Of those 21, eight had a negative tone, seven had a positive vibe and six were rather neutral.
Make up your damn mind, Green.
The truth is anyone who has read my stuff over the last couple of years knows I was not in favor of trading for the QB. He was unproven, I believed, and in no way worthy of the investment the Cardinals were going to make in him. There were times over the last couple seasons where he looked promising, and at the end of the day we all wanted him to succeed. He didn’t.
But this isn’t my way of saying “I told you so” or gloating about how right I was, because no one could have predicted what would transpire for Kolb or the Cardinals over the nearly two years they were together.
Fifteen games.

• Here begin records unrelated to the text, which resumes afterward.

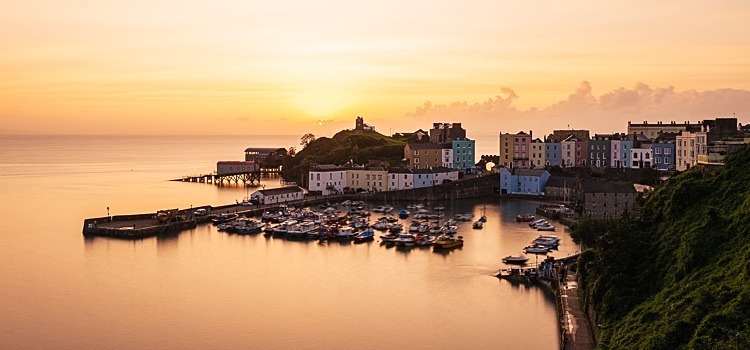 Tenby harbour - Wales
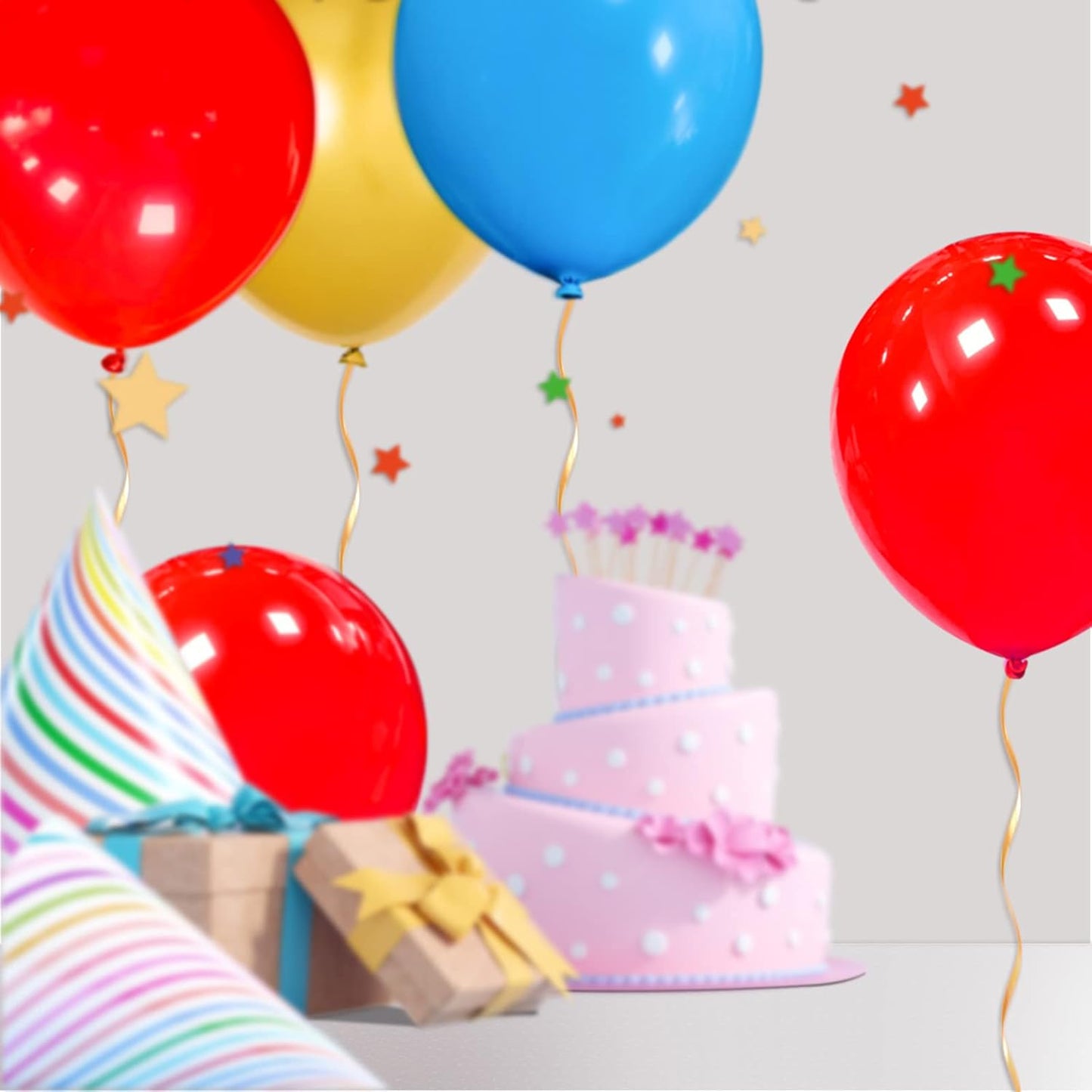 32Pcs Red Big Balloons 18 Inch, Round Large Latex Party Balloons for Birthday Wedding Decorations. (red)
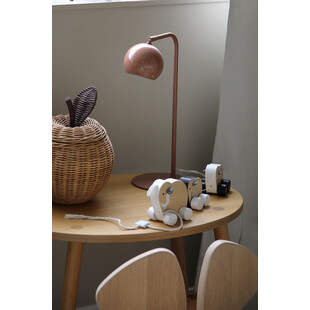 Lampa stołowa kula retro Pop brązowa Markslojd - Odkryj styl!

Fourteen starts. A 6-8 record. A 58.5 percent completion percentage to go along with 17 touchdowns, 11 interceptions and 10 fumbles. Various injuries, from turf toe and a concussion in 2011 to busted ribs and a shoulder issue in 2012. A fired coaching staff.
Two seasons and roughly $20 million later, the team got very little from its Hail Mary attempt to replace Kurt Warner, and the new coaching staff decided it best to move on.

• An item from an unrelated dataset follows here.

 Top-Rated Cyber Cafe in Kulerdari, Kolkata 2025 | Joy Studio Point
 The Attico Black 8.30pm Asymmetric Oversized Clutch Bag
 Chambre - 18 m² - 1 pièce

And it probably is, for both the team and the quarterback.
Kolb’s time in Arizona was ill-fated from the beginning, with the pressure of replacing a Hall of Famer and expectations unbefitting of someone with his credentials.
Is it his fault the team made such an investment in him? Was Kolb responsible for the coaching staff trying to force a scheme upon him rather than adjust its game plan to suit his skills? Can you really blame him for getting hurt?

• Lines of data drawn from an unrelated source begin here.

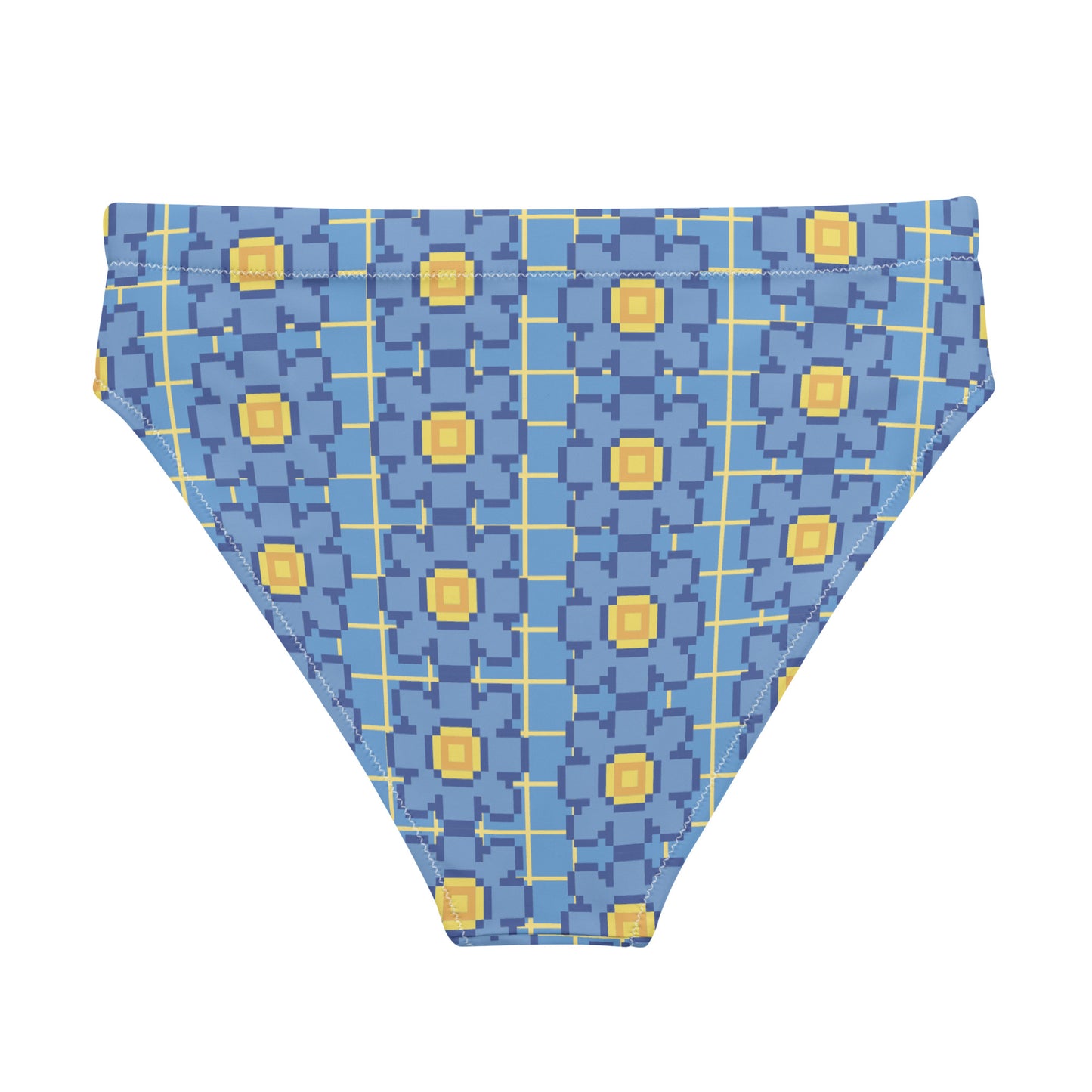 It's Okay to Feel Your Feelings - Recycled High-Waisted Bikini Bottom - Mental Health Matters by The Banannie Diaries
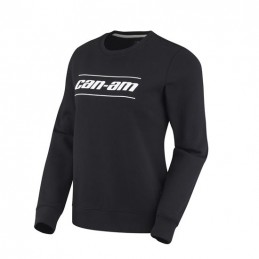 SUDADERA MUJER SIN CAPUCHA - 2022 XS / Negro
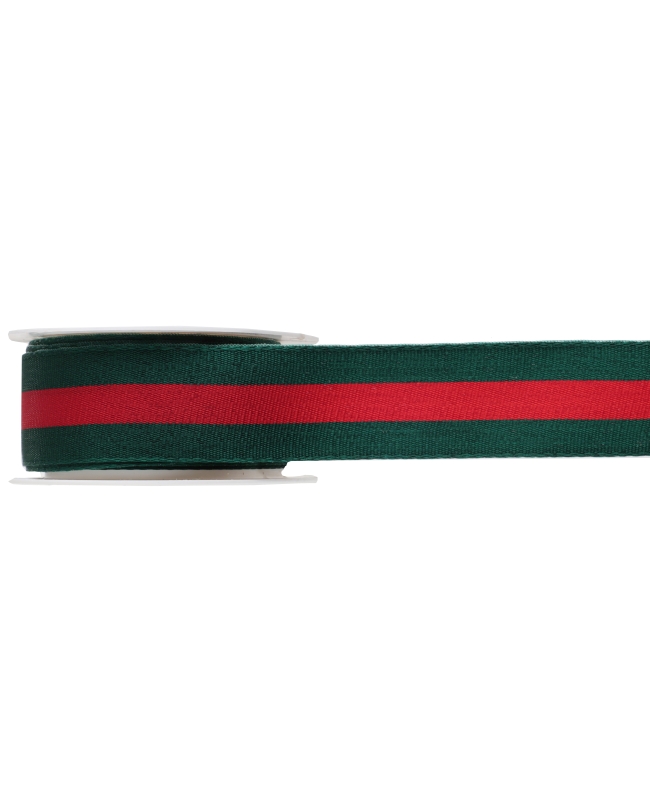 Cinta Verde-Roja Bicolor 25Mm Poliester ***OFERTA DTO NO ACUMULABLE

The answer to all the questions is “no”, but then again, that does not change the fact that Kevin Kolb experiment in Arizona will go down as a failure.
After all, when a team invests the kind of resources it did to get Kolb — and then perhaps passed on a chance to sign Peyton Manning because they were afraid of losing him — there’s no other way to view things.
And it’s a shame.
Now the Cardinals are, for better or worse, in pretty much the same place they were two summers ago, minus the possibility that their franchise QB could be on the way. Drew Stanton is alright, but in no way projected to be a star. Brian Hoyer played admirably last season, but the same could be said for him.
Then there’s John Skelton and Ryan Lindley who, well, yeah.
The Cardinals swung for the fences when they made the deal for Kolb, as he was the biggest name on the market and many believed he was destined to blossom into a quality quarterback. As anyone who knows baseball could tell you, sometimes a cut like that leads to a home run, and sometimes it results in a strikeout.
The Cardinals didn’t connect, and now the Kevin Kolb era is over in Arizona. He will go on to sign with another team and, maybe, stay on the field long enough to show what kind of quarterback he can be.
It’d be nice to finally find out.
Oh, and I guess this makes number 22.